Are You Charged?

Rosemary WilsonSanta Rosa District Schools

Description

This lesson is a teacher-directed study of the charges on ions with an easy method of remembering charges based on elements' locations on the periodic table.

Objectives

The student knows that the number and configuration of electrons will equal the number of protons in an electrically neutral atom and when an atom gains or loses electrons, the charge is unbalanced.

Materials

-Student copies of Ions & Their Charges Worksheet (See Associated File)
-Laser pointer
-Classroom periodic wall chart
-Chalkboard and chalk or an overhead projector and marker

Preparations

1. Make copies of the Ions & Their Charges Worksheet found in the associated file, one copy per student.
2. Acquire a laser pointer.

Procedures

Note:
A. The students should be well versed in the structure of atoms in that every atom is composed of a certain number of protons, the atomic number of the element, a certain number of electrons, the same as the number of protons for a neutral atom, and various numbers of neutrons giving rise to different isotopes of an element.

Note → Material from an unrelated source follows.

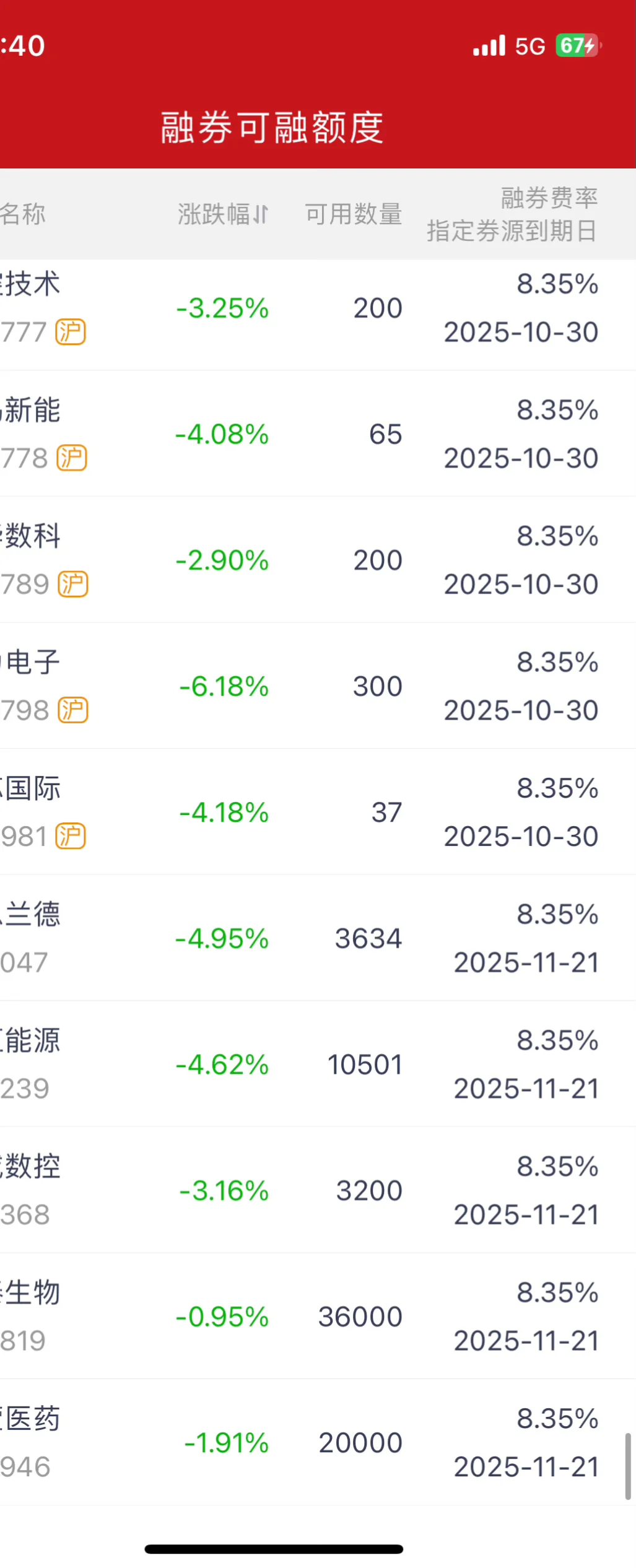 券商券源多不多700+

B. The students should also have a basic understanding of electron configurations of elements, i.e. that there is a maximum of two electrons in an “s” shell, a maximum of six electrons in a “p” shell, a maximum of ten electrons in a “d” shell, and a maximum of fourteen electrons in an “f” shell. (For a lesson concerning electron configurations of elements, see Beacon Lesson Order, Order All Electrons.)

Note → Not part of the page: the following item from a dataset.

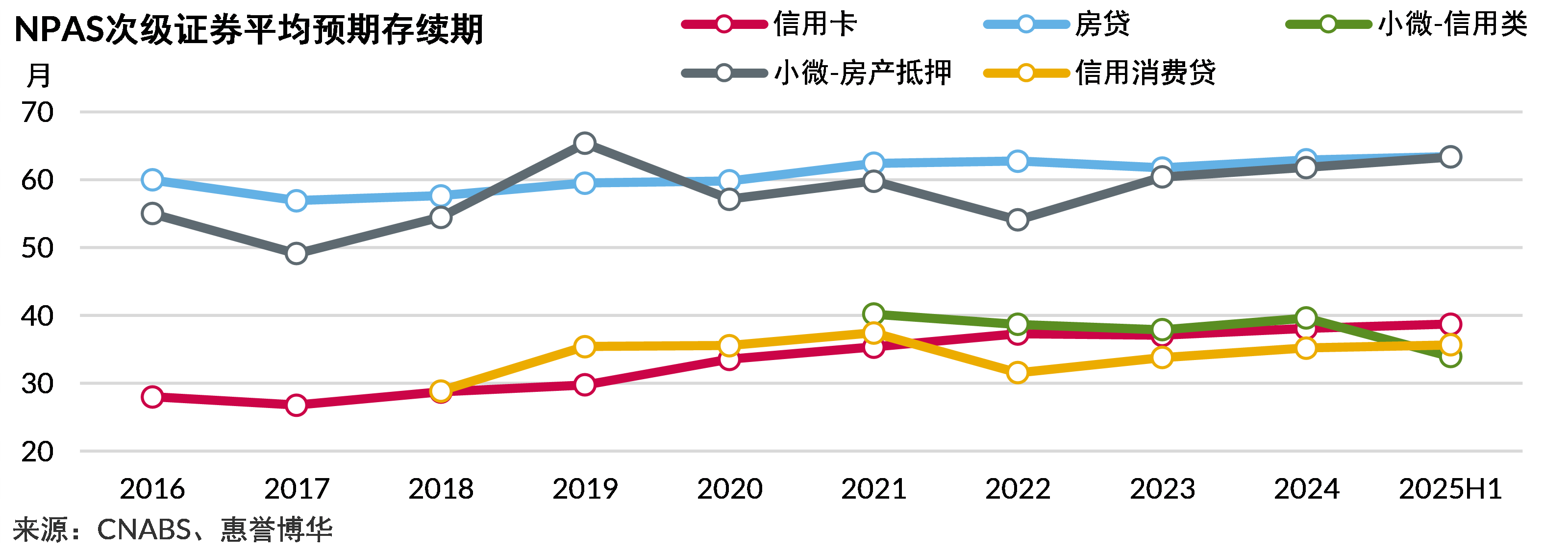次级证券预期存续期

C. You might take a few minutes to review the addition and subtraction of numbers that have positive and negative signs to clear any misconceptions.

Steps #1 - #34, 20 minutes
1. Begin the lesson by reviewing the numbers of protons, electrons and neutrons in an element of your choice. You might call on one student to choose an element for student involvement. For this lesson, the example of calcium will be used first and oxygen last.

2. Explain to the students that an atom can differ in its number of neutrons and still be the same element, differ in its number of electrons and still be the same element, but cannot differ in its number of protons. If an atom differs in its number of electrons, the atom's charge is not “balanced” but becomes “unbalanced” and results in either a positive or a negative ion. Explain that an ion is just an atom with a charge.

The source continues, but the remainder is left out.